Flywheel data lakes - Amazon Comprehend

Flywheel data lakes

When you create a flywheel, Amazon Comprehend creates a data lake in your account to contain all the flywheel data, such as the input and output data required for the model versions.

Amazon Comprehend creates the data lake in the Amazon S3 location that you specify when you create the flywheel. You can specify the location as an Amazon S3 bucket or as a new folder in an Amazon S3 bucket.

Data lake folder structure

When Amazon Comprehend creates the data lake, it sets up the following folder structure in the Amazon S3 location.

Warning

Amazon Comprehend manages the data lake folder organization and contents. Always use the Amazon Comprehend API operations to modify the data lake folders, or your flywheel may not operate correctly.

Document Pool Annotations Pool Staging Model Datasets (data for each version of the model) VersionID-1 Training Test ModelStats VersionID-2 Training Test ModelStats

To view the training assessment of a model version, perform these steps:

  1. Open the folder named Model Datasets at the root level of the data lake. This folder contains a subfolder for each version of the model.

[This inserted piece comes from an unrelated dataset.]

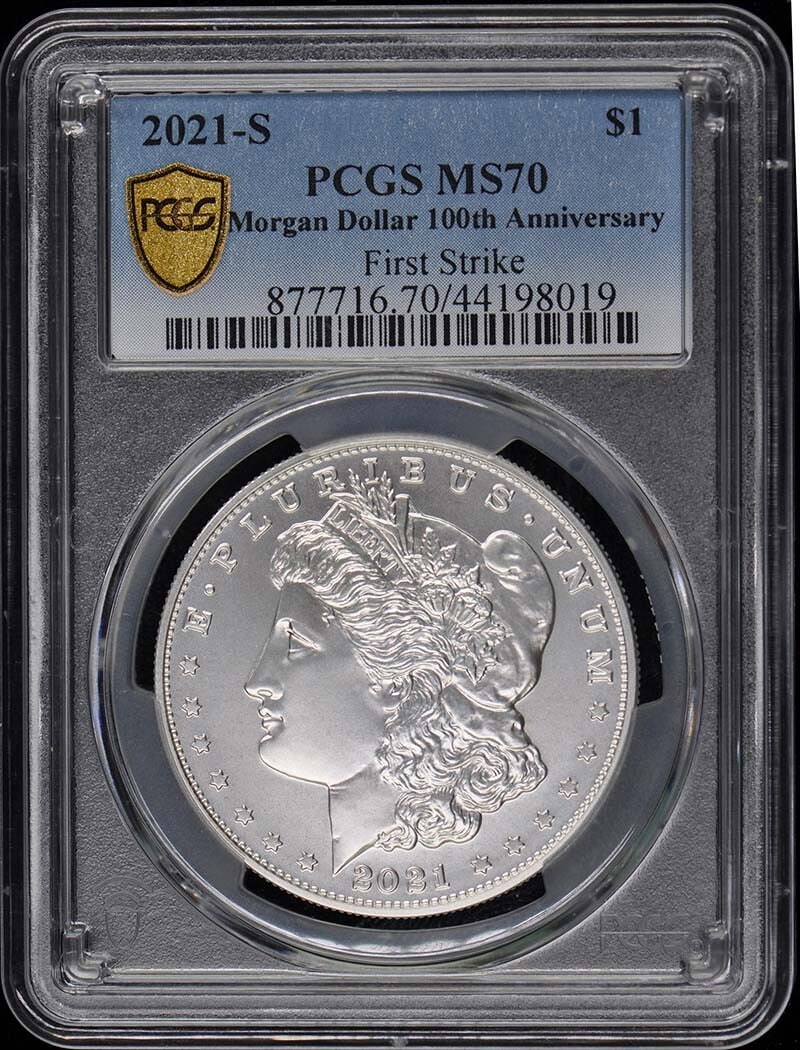 2021-S Morgan Dollar PCGS MS70 Uncirculated 100th Anniversary Coin: 2021-S Morgan Dollar PCGS MS70 Uncirculated 100th Anniversary Coin Celebrate the 100th Anniversary of the Morgan Dollar with this stunning 2021-S edition, graded MS70 by PCGS. This uncirculated coin s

  2. Open the folder for the model version of interest.

  3. Open the folder named ModelStats to view the statistics for the model.

Data lake management

Amazon Comprehend performs the following tasks to manage the data lake on your behalf:

  • Defines the folder structure of the data lake and ingests datasets into the appropriate folders.

  • Manages the input documents (such as text files and annotation files) required to train the model.

  • Manages the training and evaluation output data associated with each version of the model.

  • Manages encryption for files stored in the data lake.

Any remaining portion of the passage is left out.